In a research he conducted on Ife numerals, the lecturer at the Obafemi Awolowo University, Ile-Ife, acknowledges Ife Togo, Ife Benin, Tsabe, Ajase and Idaatsa, all of which he describes as Yoruboid, as being “the mother tongues of speech communities whose forefathers migrated from Nigeria to Dahomey, now Republic of Benin.”
This invariably covers the brand spoken in Togo, too. Fabunmi notes in a study titled ‘Vigesimal Numerals on Ife (Togo) and Ife (Nigeria) Dialects of Yoruba’, “Today, the capital of Ife (Togo) is Atakpame.

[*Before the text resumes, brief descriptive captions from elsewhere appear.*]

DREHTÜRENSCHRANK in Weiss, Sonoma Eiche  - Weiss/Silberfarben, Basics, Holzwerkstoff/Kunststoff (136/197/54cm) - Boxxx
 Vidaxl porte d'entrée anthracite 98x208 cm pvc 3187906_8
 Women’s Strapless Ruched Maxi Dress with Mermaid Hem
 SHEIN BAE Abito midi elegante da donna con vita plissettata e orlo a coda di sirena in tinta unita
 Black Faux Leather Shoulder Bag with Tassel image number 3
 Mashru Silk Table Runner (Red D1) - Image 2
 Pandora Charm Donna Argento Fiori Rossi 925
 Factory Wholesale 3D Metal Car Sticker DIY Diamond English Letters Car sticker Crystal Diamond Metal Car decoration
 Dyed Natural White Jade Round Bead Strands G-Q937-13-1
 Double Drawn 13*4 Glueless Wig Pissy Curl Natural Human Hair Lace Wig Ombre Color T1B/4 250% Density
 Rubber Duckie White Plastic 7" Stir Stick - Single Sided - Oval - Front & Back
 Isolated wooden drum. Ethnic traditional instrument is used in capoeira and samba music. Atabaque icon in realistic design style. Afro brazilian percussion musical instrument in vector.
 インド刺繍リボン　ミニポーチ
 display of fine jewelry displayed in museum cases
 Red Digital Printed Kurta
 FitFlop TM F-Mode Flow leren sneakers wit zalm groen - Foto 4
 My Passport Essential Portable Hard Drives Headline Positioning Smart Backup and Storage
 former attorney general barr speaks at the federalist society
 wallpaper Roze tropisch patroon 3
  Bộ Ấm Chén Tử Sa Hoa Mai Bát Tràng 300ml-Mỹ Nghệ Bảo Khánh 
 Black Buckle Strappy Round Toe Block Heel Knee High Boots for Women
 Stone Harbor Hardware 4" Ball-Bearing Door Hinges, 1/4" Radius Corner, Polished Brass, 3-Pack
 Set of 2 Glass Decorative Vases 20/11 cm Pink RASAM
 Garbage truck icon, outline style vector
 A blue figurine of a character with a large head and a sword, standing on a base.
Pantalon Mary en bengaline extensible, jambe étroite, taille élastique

The Ifè (Togo) dialect of Yoruba is spoken by approximately 90,000 people in Atakpame and the speakers stretch from the Benin boundary up to Atakpame in Togo.
“The majority of these Ife settlers migrated from Ija-Oku in former Dahomey into the Togolese territory and subsequently founded the city of Atapkame. There are several other early settlers or ethnic groups in Atakpame, such as Fon, Ewe,
Aposo, Kabrelosso and Ketokoli, but the people of Seti, Jama and Igberiko are predominantly Ife. Other Ife (Togo) villages include Alabata, Okutaya, Efujaye, Oko Asade, Asoko Ayepada and Yanmosile.”

Ife Togo is well tone-marked

Yoruba is a tonal language, comprising the high, mid and low tones. That is how a word such as ‘odo’ can mean different things as the tone changes. These include odo (mortar), odo (river) and odo (zero). Also, ‘ere’ can be translated as play, sculpture and profit in different contexts and with different tonal marks, just as ‘agbon’ can be a word for a basket, coconut or wasp.

Investigation by our correspondent reveals that the Ife Togo dialect retains the tonal property of the Yoruba language. Apart from the inflexions that the natives interviewed demonstrate in their speeches, words in the books that our correspondent bought in Atakpame are duly tone-marked. Perhaps the only difference is that the mid tone, which is no more marked in the modern Nigerian Yoruba language, is still marked in Ife Togo. Indeed, our observation also shows that Ife Togo has not responded to the series of orthographical changes that the standard Yoruba has experienced, especially since the early 1970s. As a result, while Yoruba grammar now forbids the collocation of two consonants in a word, which makes Offa, Otta, Oshogbo and Ogbomosho to be written nowadays as Ofa, Ota, Osogbo and Ogbomoso, Ife Togo still flaunts words such as nwon (they), itsu (yam) and Atakpame itself!